There are many applications which require high-bandwidth access to a single file - more bandwidth than can be provided by a single OSS. For example, scientific applications which write to a single file from hundreds of nodes or a binary executable which is loaded by many nodes when an application starts.
In cases like these, stripe your file over as many OSSs as it takes to achieve the required peak aggregate bandwidth for that file. In our experience, the requirement is “as quickly as possible,” which usually means all OSSs.
The second reason to stripe is when a single OST does not have enough free space to hold the entire file.
There is never an exact, one-to-one mapping between clients and OSTs. Lustre uses a round-robin algorithm for OST stripe selection until free space on OSTs differ by more than 20%. However, depending on actual file sizes, some stripes may be mostly empty, while others are more full. For a more detailed description of stripe assignments, see Managing Free Space.

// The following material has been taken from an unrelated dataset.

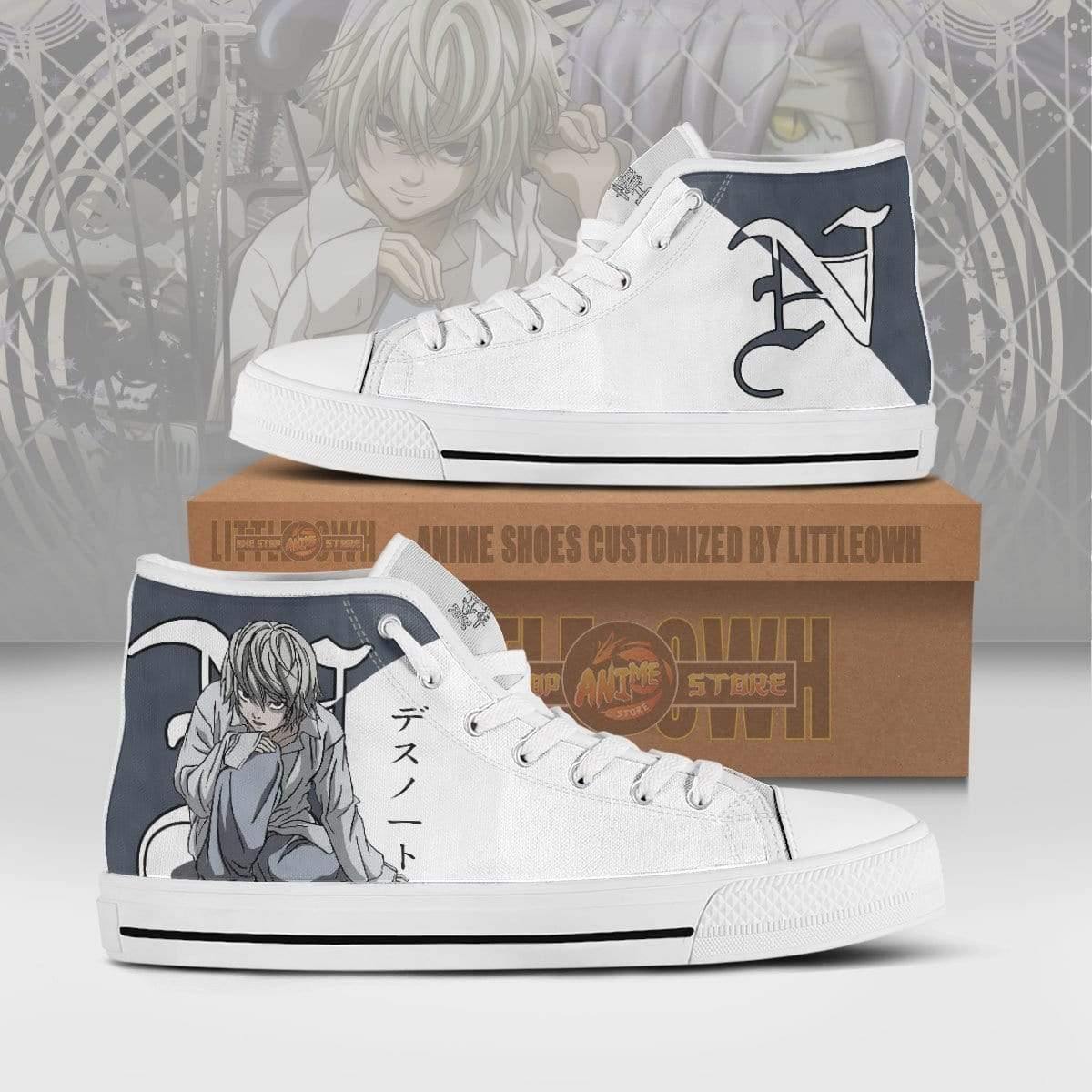 Near High Top Canvas Shoes Custom Death Note Anime Sneakers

After every ostcount+1 objects, Lustre skips an OST. This causes Lustre’s "starting point" to precess around, eliminating some degenerated cases where applications that create very regular file layouts (striping patterns) would have preferentially used a particular OST in the sequence.
There are two disadvantages to striping which should deter you from choosing a default policy that stripes over all OSTs unless you really need it: increased overhead and increased risk.
Increased overhead comes in the form of extra network operations during common operations such as stat and unlink, and more locks. Even when these operations are performed in parallel, there is a big difference between doing 1 network operation and 100 operations.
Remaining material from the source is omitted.